Examine notebook used to visualize results¶
First we will load the endpoint name, training time, prediction length and seom of the data
%store -r
print('endpoint name ', endpoint_name)
print('end training', end_training)
print('prediction_length', prediction_length)
endpoint name DeepAR-forecast-taxidata-2019-11-30-16-26-45-053
end training 2019-05-06 00:00:00
prediction_length 14
Sample data being used:¶
print('data sample')
ABB.head(5)
data sample
green | yellow | full_fhv | |
---|---|---|---|
ts_resampled | |||
2018-01-01 | 23292 | 237118 | 702058.0 |
2018-01-02 | 23222 | 238152 | 547447.0 |
2018-01-03 | 26417 | 266992 | 583735.0 |
2018-01-04 | 6519 | 122222 | 354626.0 |
2018-01-05 | 27453 | 265212 | 699966.0 |
This next cell creates the predictor using the endpoint_name. Ideally we’d have the DeepARPredictor in a seperate .py rather than repeated in the two notebooks.
import sagemaker
from sagemaker import get_execution_role
from sagemaker.tuner import HyperparameterTuner
import numpy as np
import json
import pandas as pd
import warnings
warnings.simplefilter(action='ignore', category=FutureWarning)

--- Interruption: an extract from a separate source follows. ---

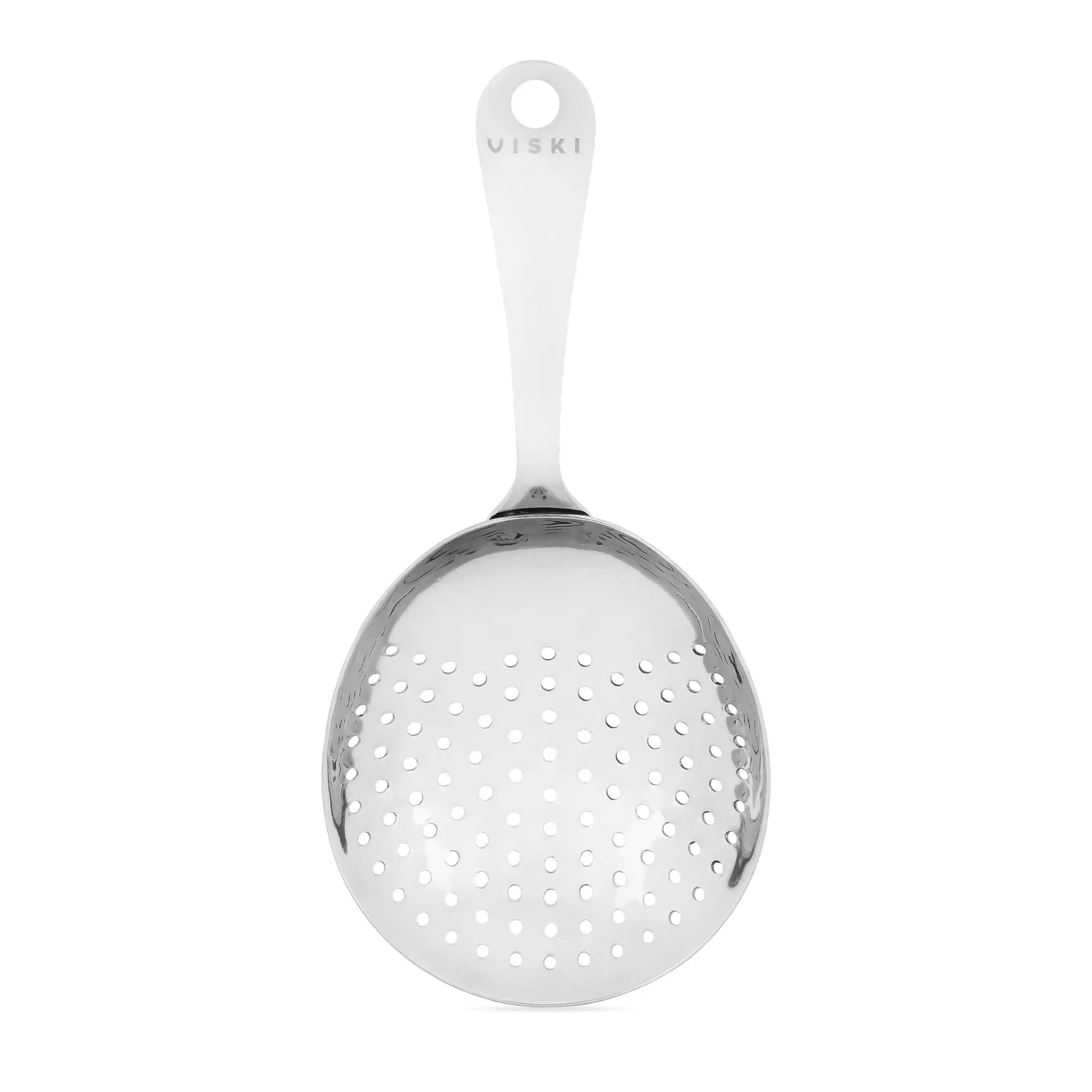 Harrison Julep Strainer in Silver by Viski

class DeepARPredictor(sagemaker.predictor.RealTimePredictor):
def __init__(self, *args, **kwargs):
super().__init__(*args, content_type=sagemaker.content_types.CONTENT_TYPE_JSON, **kwargs)

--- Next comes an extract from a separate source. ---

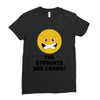 The Students Are Coming Ladies Fitted T-Shirt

def predict(self, ts, cat=None, dynamic_feat=None,
num_samples=100, return_samples=False, quantiles=["0.1", "0.5", "0.9"]):
"""Requests the prediction of for the time series listed in `ts`, each with the (optional)
corresponding category listed in `cat`.
ts -- `pandas.Series` object, the time series to predict
cat -- integer, the group associated to the time series (default: None)

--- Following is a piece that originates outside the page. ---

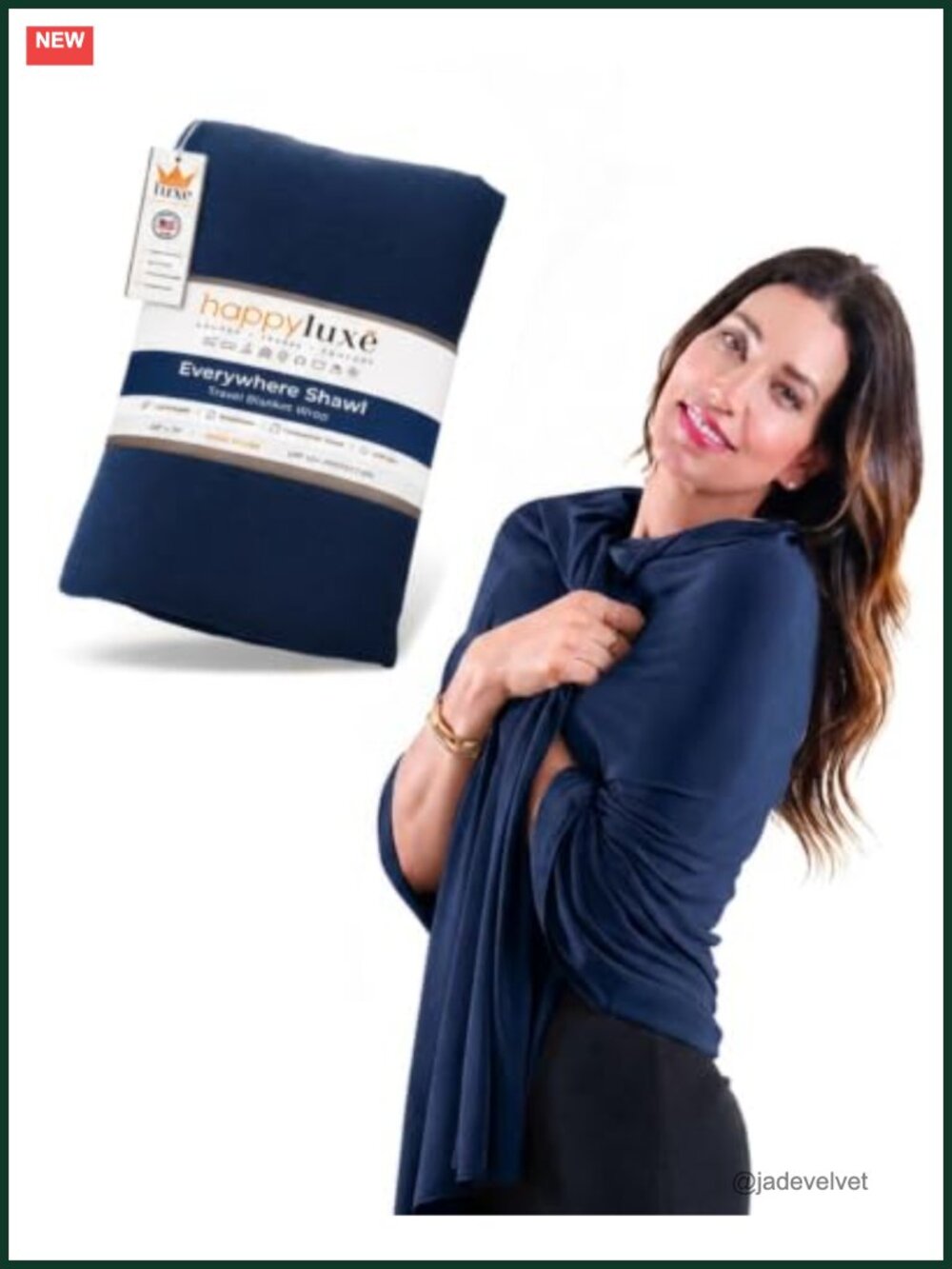 Tencel Travel Shawl Wrap with UPF 50+ Protection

num_samples -- integer, number of samples to compute at prediction time (default: 100)
return_samples -- boolean indicating whether to include samples in the response (default: False)
quantiles -- list of strings specifying the quantiles to compute (default: ["0.1", "0.5", "0.9"])
Return value: list of `pandas.DataFrame` objects, each containing the predictions
"""
prediction_time = ts.index[-1] + 1
quantiles = [str(q) for q in quantiles]
req = self.__encode_request(ts, cat, dynamic_feat, num_samples, return_samples, quantiles)
res = super(DeepARPredictor, self).predict(req)
return self.__decode_response(res, ts.index.freq, prediction_time, return_samples)
def __encode_request(self, ts, cat, dynamic_feat, num_samples, return_samples, quantiles):
instance = series_to_dict(ts, cat if cat is not None else None, dynamic_feat if dynamic_feat else None)
configuration = {
"num_samples": num_samples,
"output_types": ["quantiles", "samples"] if return_samples else ["quantiles"],
"quantiles": quantiles
}
http_request_data = {
"instances": [instance],
"configuration": configuration
}
return json.dumps(http_request_data).encode('utf-8')
def __decode_response(self, response, freq, prediction_time, return_samples):
# we only sent one time series so we only receive one in return
# however, if possible one will pass multiple time series as predictions will then be faster
predictions = json.loads(response.decode('utf-8'))['predictions'][0]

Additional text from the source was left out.